Breid je schat, de Koninkrijksbediening, uit
1 Jezus vergeleek de Koninkrijkshoop met een kostbare schat (Matth. 13:44-46). Zijn wij net als de mannen in Jezus’ illustraties die al hun bezittingen verkochten om iets van grotere waarde te kopen? Zo ja, dan zullen wij Gods koninkrijk de hoogste prioriteit geven, ook al brengt dat wellicht ongemak en zelfverloochening met zich. — Matth. 6:19-22.
2 Aangezien onze Koninkrijksbediening een schat is, dient het onze wens te zijn deze bediening uit te breiden. Wat geeft ons persoonlijke leven te zien? Breiden wij onze Koninkrijksactiviteit uit? Dit kunnen wij doen door aan verschillende takken van de bediening deel te nemen, met inbegrip van het van-huis-tot-huiswerk, het brengen van nabezoeken, het leiden van bijbelstudies en het geven van informeel getuigenis.
3 ’Hoe kan ik mijn aandeel uitbreiden?’ Aan het begin van een nieuw dienstjaar is het goed dat iedereen terugblikt op zijn persoonlijke activiteit om te zien wat hij zou kunnen doen om de hoeveelheid tijd die hij aan de velddienst heeft besteed, te vergroten en zich af te vragen: ’Kan ik mijn aangelegenheden zo regelen dat ik van tijd tot tijd in de hulppioniersdienst kan gaan of zelfs continu als zodanig kan dienen? Zou ik, na enkele aanpassingen, in de gewone pioniersdienst kunnen gaan?’ Nieuwe pioniers die per 1 september beginnen, komen ervoor in aanmerking volgend jaar de pioniersschool te bezoeken.
4 Sommige verkondigers hebben zich persoonlijk ten doel gesteld meer informeel getuigenis te geven. Vaak brengt deze activiteit voortreffelijke vruchten voort. Anderen voelen misschien de noodzaak zich te verbeteren in het brengen van doeltreffende nabezoeken of het oprichten van bijbelstudies.

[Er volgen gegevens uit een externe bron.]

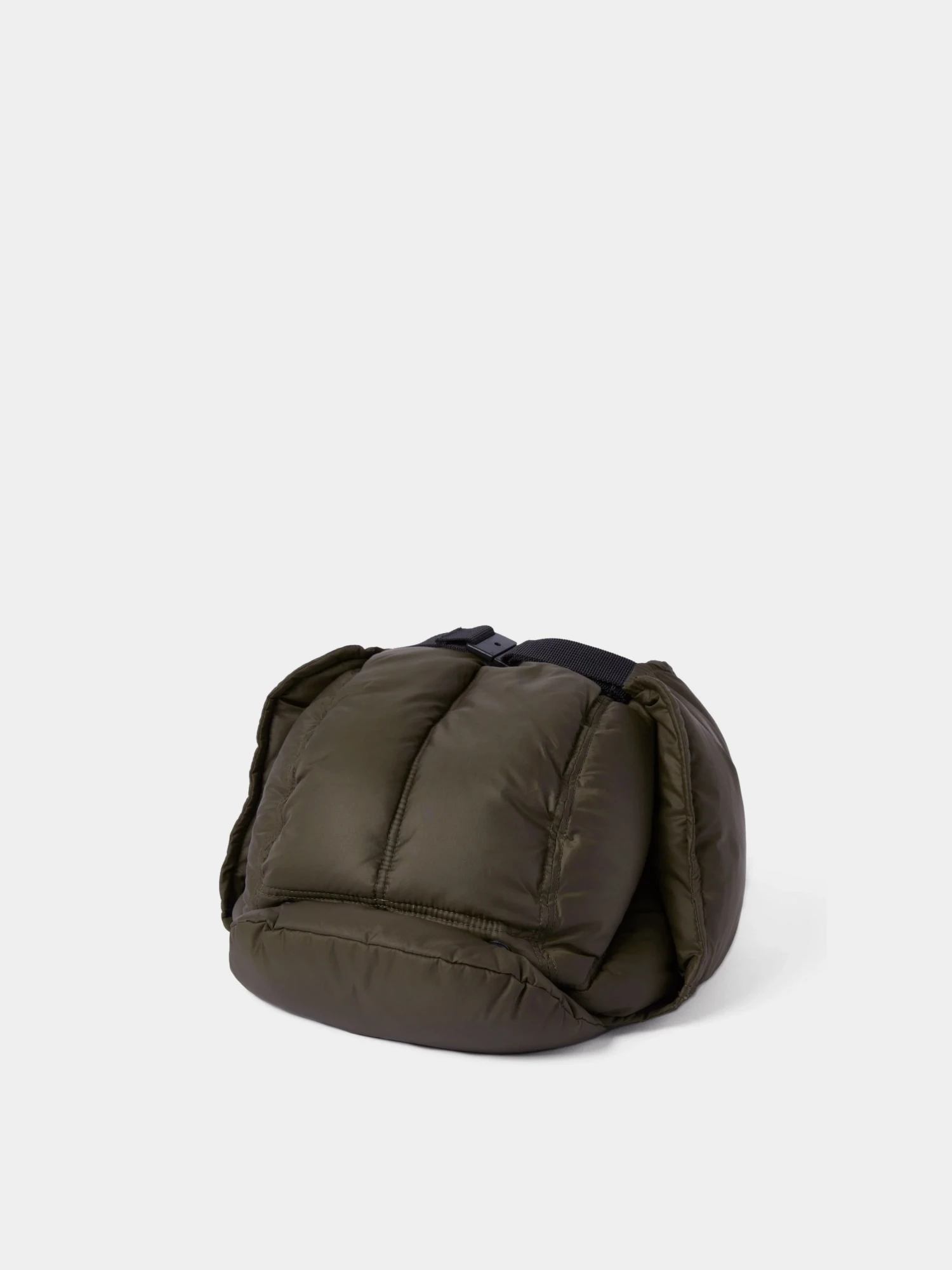 Шапка thisisneverthat Padded Trooper Hat Brown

5 Als wij vaststellen dat onze bediening in een bepaald opzicht beperkt is, wat kunnen wij dan doen om ze uit te breiden? Personen die erin zijn geslaagd hogere doeleinden te bereiken, raden ons aan eerst het vaste besluit te nemen om, wat er ook gebeurt, de Koninkrijksbelangen op de eerste plaats te stellen (Matth. 6:33). Geloof en een volledig vertrouwen in Jehovah zijn noodzakelijk (2 Kor. 4:7). Zoek zijn hulp door middel van oprechte en aanhoudende gebeden (Luk. 11:8, 9). Wij kunnen het vertrouwen hebben dat Jehovah onze oprechte krachtsinspanningen om ons aandeel aan zijn dienst te vergroten, zal zegenen. — 1 Joh. 5:14.
6 Praat met andere broeders en zusters die erin zijn geslaagd hun bediening uit te breiden. Vraag hun hoe zij hinderpalen konden overwinnen zonder ontmoedigd te raken. Hun persoonlijke ervaringen zijn misschien precies dat wat nodig is om je ervan te overtuigen dat het niet onmogelijk is je bediening uit te breiden.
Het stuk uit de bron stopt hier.